DEVELOPMENT AND TESTING OF THE MODIFIED SIMPSON’S RULE FOR DISCRETE ORDINATES TRANSPORT APPLICATIONS

Department of Nuclear Engineering, North Carolina State University 2500 Stinson Drive, Campus Box 7909, Raleigh, NC 27695-7909, USA

xhu10@ncsu.edu
yyazmy@ncsu.edu

Published online: 22 February 2021

Abstract

A new angular quadrature type termed Modified Simpson Trapezoidal (MST) is developed based on the conventional Simpson’s 1/3 rule where the angular pattern over polar levels has a trapezoid shape. An adaptive coefficient correction scheme is developed to enable our new quadrature to integrate the angular flux over subintervals separated by the interior jump irregularities. A two-dimensional test problem is employed to verify the angular discretization error in the uncollided S_N scalar flux computed with our new quadrature sets, as well as conventional angular quadrature types.
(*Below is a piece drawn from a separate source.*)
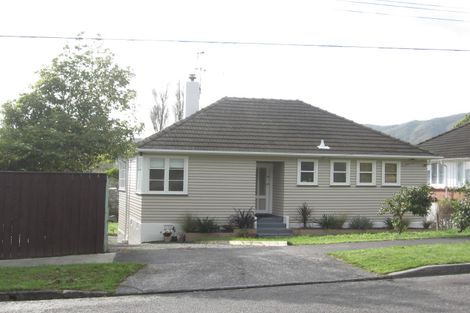 Photo of property in 4 Hill Grove, Naenae, Lower Hutt, 5011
Numerical results show that the MST quadrature error in the point-wise scalar flux converges with second order against increasing number of discrete angles, while the error obtained with other conventional quadrature types converges slower than first order depending on the regularity of the exact point-wise uncollided angular flux. In order to reduce the number of discrete points needed, a variant of the MST quadrature, namely MSTP30, is developed by using the Quadruple Range [1] polar quadrature with fixed 30 polar angles and applying the MST quadrature to the azimuthal dependence in each polar level. The angular discretization error in the point-wise S_N scalar flux obtained with MSTP30 sets converges with fourth order because the polar discretization error is sufficiently reduced that MSTP30 behaves like a one-dimensional quadrature. Furthermore, because MSTP30 computes the integral over subintervals that keep the true solution’s irregularity at the boundaries, this fourth order convergence rate is unaffected by such inevitable irregularities.